Applied Math Seminar

Date:
-
Location:
POT 745
Speaker(s) / Presenter(s):
Sally Ellingson, UK Division of Biomedical Informatics

Abstract: Drug discovery is a lengthy, expensive, and sometimes fatal process. It is also an extremely difficult task to perform with a full understanding of experimental results. Drugs are studied in test tubes which lack a realistic in vivo environment and in animal models having limited validity for human conditions. Even when new drugs pass screening experiments with no red flags, they fail during human clinical trials after a great amount of time and money has been invested. Thus, an economic burden is created that eventually must be recuperated with the few drugs that do pass FDA approval. Computational methods that consistently improve predictive accuracy over laboratory and animal testing for the entire human proteome and huge chemical space of potential drugs could revolutionize pharmaceutical research and development. The utilization of such computational tools will increase the return on future investments in health-related research and provide access to new, better understood therapies.

The state-of-the-art in many computational methodologies include machine learning approaches. In our digitalized, data-driven world, there is a wealth of knowledge available that is beyond the processing power of an individual researcher or even team of researchers. The goal of my work is to improve the prediction of novel drug safety and efficacy by increasing the accuracy of predicting polypharmacological networks, investigating how drugs interact with the entire proteome.  We integrate traditional computational simulations of protein and drug interactions (such as the efficient molecular docking calculation), cheminformatics features of drug-like molecules, and features describing individual proteins to improve the prediction of drug and protein binding.  Each component investigated provides some level of predictive utility in isolation.  For example, I have seen in my own work that a small number of drug features calculated from current cheminformatics programs can identify active compounds for a given protein with greater than 99% accuracy.
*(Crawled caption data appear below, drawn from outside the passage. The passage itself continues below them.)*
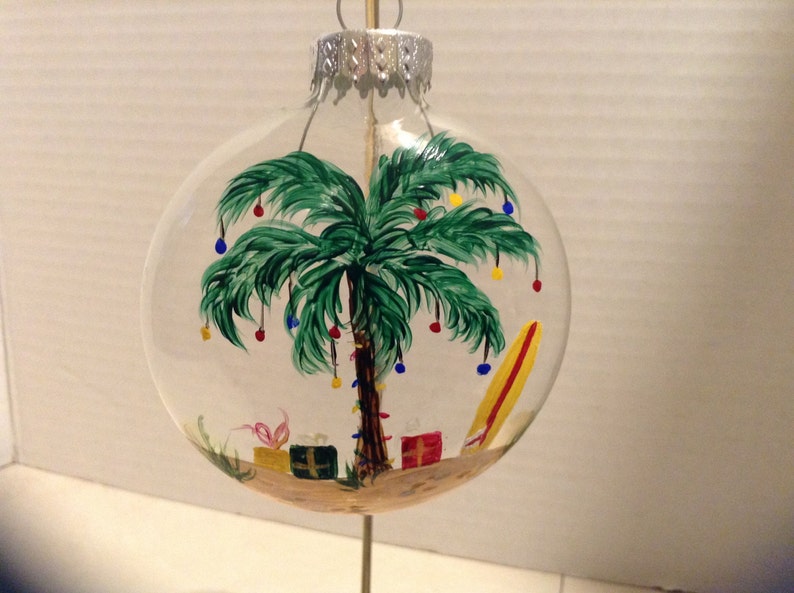 Ornament, glass, decorated palm tree, with presents and surfboard image 3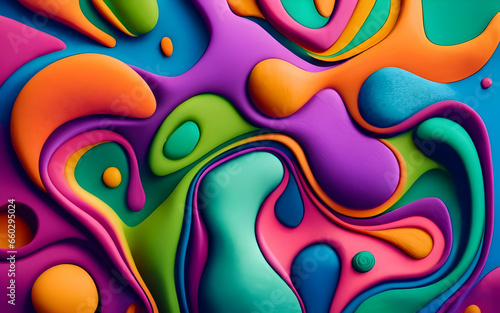 Colorful ribby contrast bright abstract futuristic cartoon background wallpaper lines shapes ai generative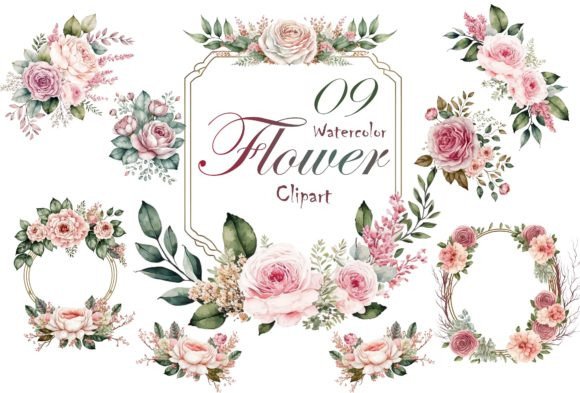 Download Pink Roses Watercolor Flower Clipart - Pink Collection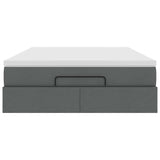 Ottoman Bed with Mattress Dark Grey Queen Fabric - Close-Up Angle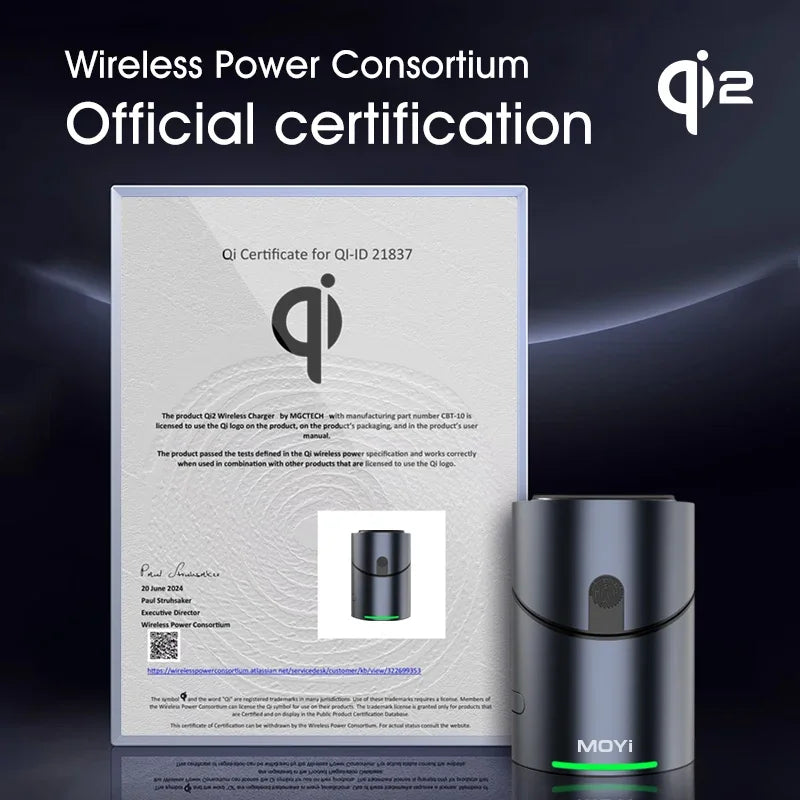 Chargeur Qi2 3-en-1 Multifonction Tactile Rotatif – iPhone 16 15 14 Pro Max iWatch Écouteurs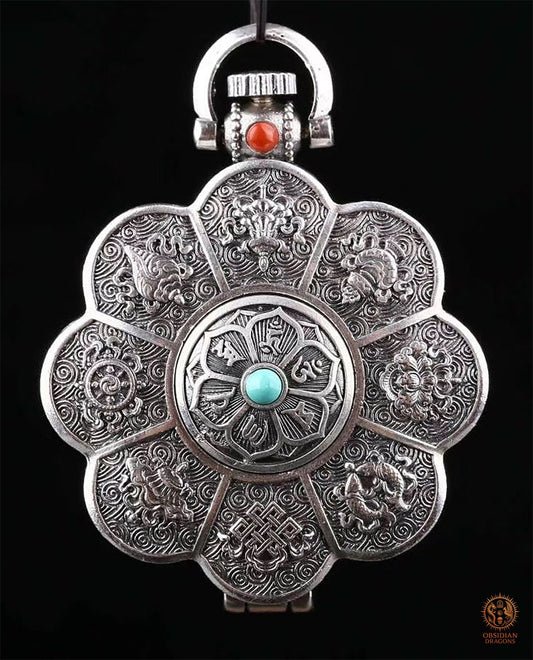 Reliquaire Bouddhiste Tibétain – Double Dorjé & Astamangala | obsidian dragons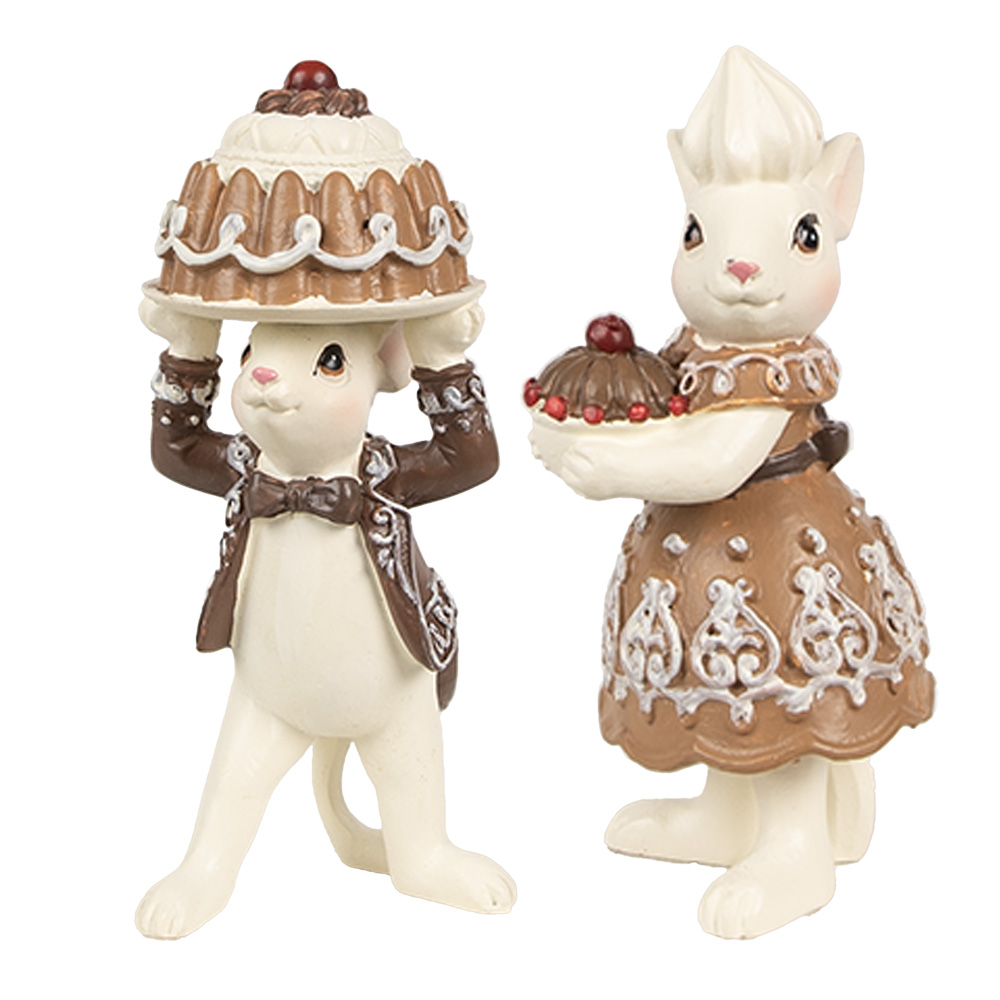 [6PR3904GG] Decoration Statue Mouse (set 2) Brown, Beige 5x5x11 / 5x5x10 cm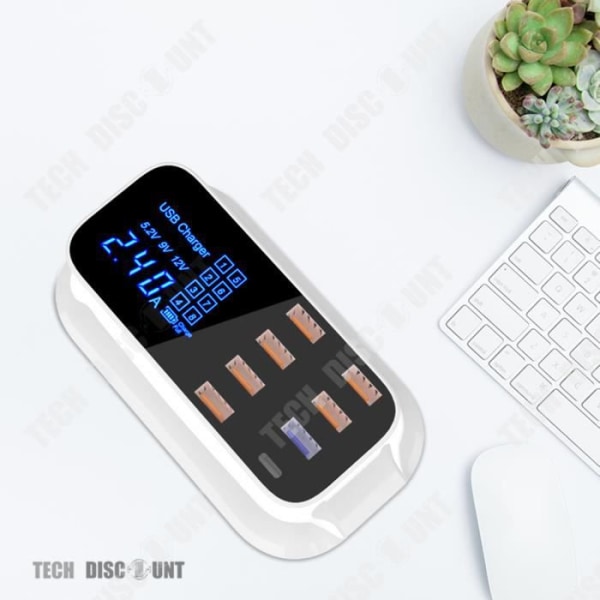 Laddare - TD® - Multi-port USB snabbladdare - 40W - Digital display - QC3.0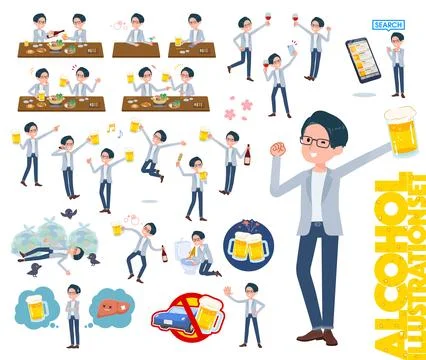 A set of Programmer engineer man related to alcohol Illustrazione stock
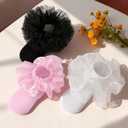 2 x SAOROPEB Toddler Ruffle Socks, 3 Styles5 Size, Frilly Dress Socks for Girls Princess Lace Ruffles Socks Set (White-pink-black)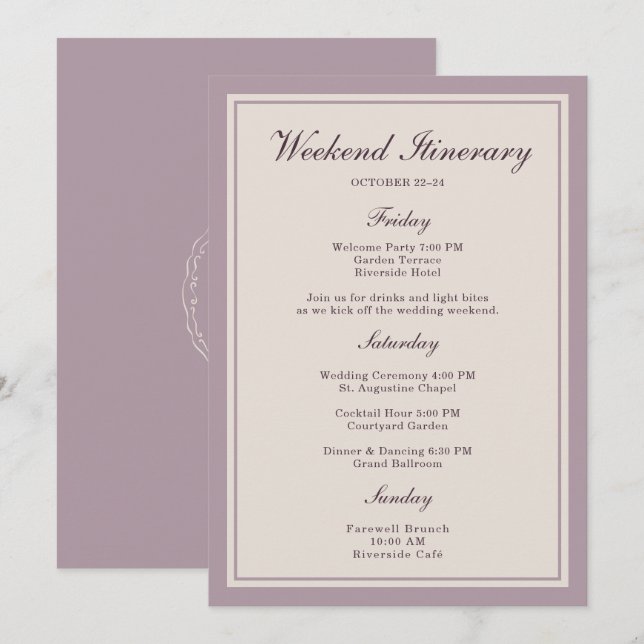 Convite Mauve Plum Wedding Weekend Itinerary Card (Frente/Verso)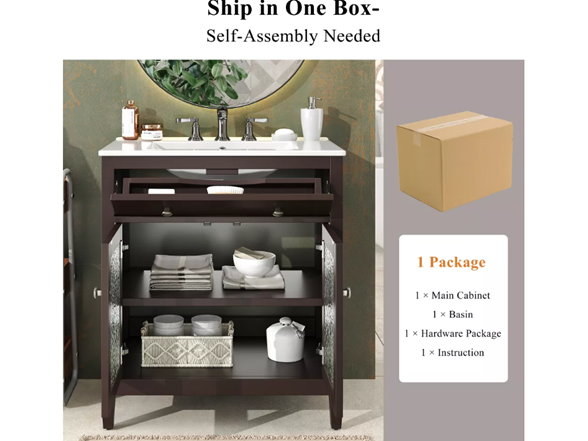 Christopher Knight Home Graham 30" Contemporary Vanity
These same drug features have been used in machine learning models in combination with docking scores to rescore interactions with one candidate drug to multiple proteins. The individual components of a molecular docking scoring function can be used as features in a machine learning model to greatly improve the accuracy of identifying active compounds in models specific for one protein. From a different perspective, protein features have been used in machine learning models to predict the druggability of a protein. The hypothesis of this work is that the combination of all these components can be used in one model that would vastly improve the accuracy of predicting the effects of new proteins and classes of drugs.

Presented here is a first step of showing that it can be done for a class of functionally related proteins (kinases).  Kinases have been chosen to study because kinase inhibitors are the largest class of new cancer therapies and selectively inhibiting a kinase is difficult due to their high sequence similarity, making off-target interactions with kinases a common cause of adverse drug reactions.